Dengan cerita yang luas tersebut, tentunya menjadi tantangan tersendiri bagi Kimo Stamboel dan tim penulis naskah untuk mengadaptasinya ke layar lebar. Dengan banyaknya karakter dan kejadian, Sewu Dino haruslah menjadi film pembuka yang sanggup mengundang rasa ketertarikan penonton untuk menikmati film-film selanjutnya. Untuk itu, tidak heran, banyak yang berkomentar bahwa film ini membuang beberapa bagian dari thread-nya. Tapi, keputusan ini terasa tepat karena membuat ceritanya jadi lebih runut. Selain itu, penanda waktu dalam Sewu Dino membuat penonton bisa menyusun timeline kejadian dalam benak mereka. Berbeda dengan KKN di Desa Penari yang tidak jelas urutan kejadiannya sehingga agak membingungkan.

Salah satu hal yang membuat sebagian orang kurang nyaman saat menonton film ini adalah sound dan bahasanya. Sound memang agak menghentak di awal dan cukup memekakkan telinga, tapi memasuki pertengahan hingga akhir, sudah lebih "manusiawi". Kimo tahu bagian mana yang harus dibuat sunyi, bagian mana yang butuh musik. Sementara, untuk mereka yang paham bahasa Jawa, mendengar dialog para pemainnya yang campur-aduk mungkin terasa mengganggu. 
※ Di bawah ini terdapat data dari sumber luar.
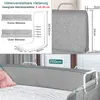 JOIEYOU Barrière de lit Protection antichute lit 200cm Voir les images du produit 2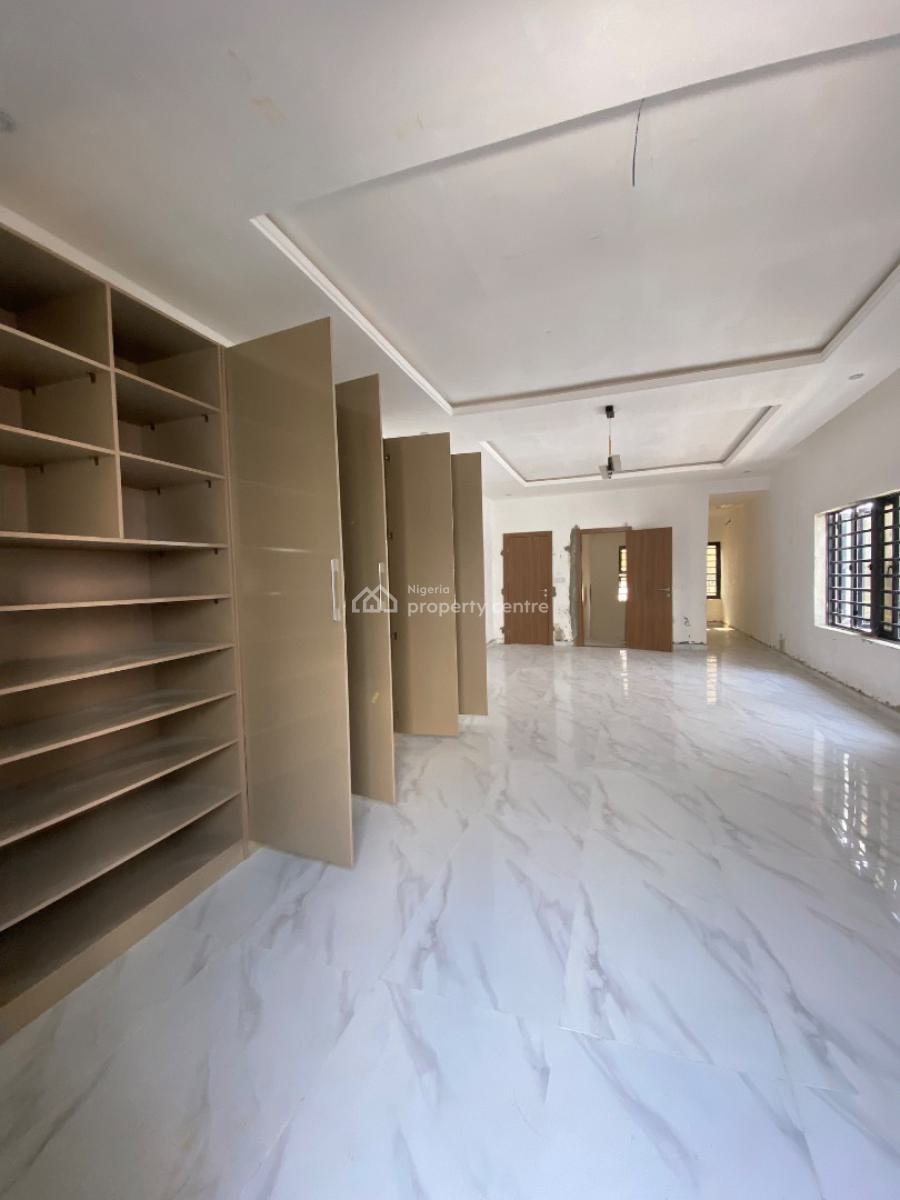 Brand New Fully Serviced 2 Bedroom Terrace Duplex, Off Freedom Way, Ikate, Lekki, Lagos, Flat / Apartment for Rent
Tapi, selain dua itu, masih ada kekurangan lainnya, yaitu dari sisi akting. Mikha dan Agla tampak salah peran sebagai gadis desa. Gaya dan tampang mereka masih terlalu "anak kota" untuk berperan sebagai gadis desa yang lugu. Terutama Mikha Tambayong, yang entah kenapa aktingnya di sini seperti malas-malasan dan tidak punya gestur yang "ndeso". Jika banyak yang berkomentar bahwa Rio dan Marthino Lio tidak banyak fungsinya di sini, itu bisa dimaklumi. Jika jadi dibuat, maka peran mereka di sekuel Janur Ireng barulah terlihat jelas.

Meski Sewu Dino mungkin tidak akan mencapai jumlah penonton sebesar KKN di Desa Penari, tapi jelas ini salah satu film horor Indonesia yang patut dilanjutkan sekuelnya. Cerita tentang Trah Atmojo belum berakhir dan kalau digarap dengan lebih baik lagi, akan jadi salah satu saga horor berkualitas di Indonesia.